衆人心中無非就是這兩種想法,整個酒樓的人都驚疑不定的看着林義,就是金靈兒都沒想到林義會這樣做,然而卻並沒有衆人那麼驚訝了,只是覺得這人活該,林義正不開心,誰撞上誰倒黴。
林義一步一步的走向了那個剛剛威脅他的人,那恐懼的節節後退,問答:“你想幹什麼?我可沒惹你啊!”
“來實驗你說的話啊,不是說鬧事了,郭絡羅涼鳴就會出來嘛?我剛好找他有事,你就幫我實驗一下吧。”林義冷冰冰的說道,感情之中不帶一絲感情。
這泥人還有三分火氣呢,更何況被逼到角落的狗呢?自然是會拼起來,咬一口,喊道:“得寸進尺,我好心說給你聽,你竟然如此不知好歹,想故意鬧事?酒保,酒保,還不出來將人扔出去了。”
酒保們多多少少習武,林義一出手便知道不是對手,這個時候自然不會上去了,掌櫃的連忙笑意盈盈走了出來,笑道;“這位大俠,我家主子臨走的時候說了,您隨便砸,能解氣就成!”
“他人呢?”林義陰沉的問道,他現在這種完尷尬的境界,就是因爲這個郭絡羅涼鳴給他弄出來的,現在正是撕碎了郭絡羅涼鳴的心都有。
然而郭絡羅涼鳴有先見之明啊,逃的遠遠的了冷冷笑道:“我倒要看看他能奪到何時,既然他不想讓我好過,那也別怪我客氣 。”
金靈兒看着氣沖沖走出去的林義,生怕暴怒下的林義做出什麼事情來,便連忙 跟了上去。
而掌櫃的那是大大的鬆口氣啊,終於把這殺神給送走來了啊,看向那地上躺着的人,以及見林義走了,開始嚷着說要公道的人,冷冷說道:“不知死活的東西,他你也敢惹,沒摔死是你命大,來人將這批破皮無賴給扔出去。”

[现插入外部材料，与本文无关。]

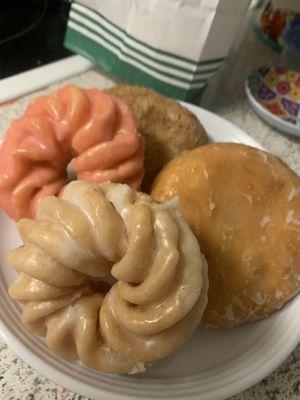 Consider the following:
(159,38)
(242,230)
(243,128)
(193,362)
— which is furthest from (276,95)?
(193,362)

而林義則是大步的向郭絡羅府走去,當然他用的是輕功,所以很快的,人羣也就看到兩道人影而已,另外一道人影自然是金靈兒了。
林義根本不需要什麼通報,直接是自己殺到了昨天來的後院中,一個人都沒有,揪起一個路過的丫鬟,沉聲問道:“郭絡羅涼鳴,還有他妻兒呢?”
小丫鬟驚懼的看着林義,隨後想到下人之前議論的主子的朋友穿的很奇怪,應該是眼前這個長得很好看,可是卻十分兇的人吧?說道:“回公子,奴婢只是個洗衣房的小丫鬟,什麼都不知道。”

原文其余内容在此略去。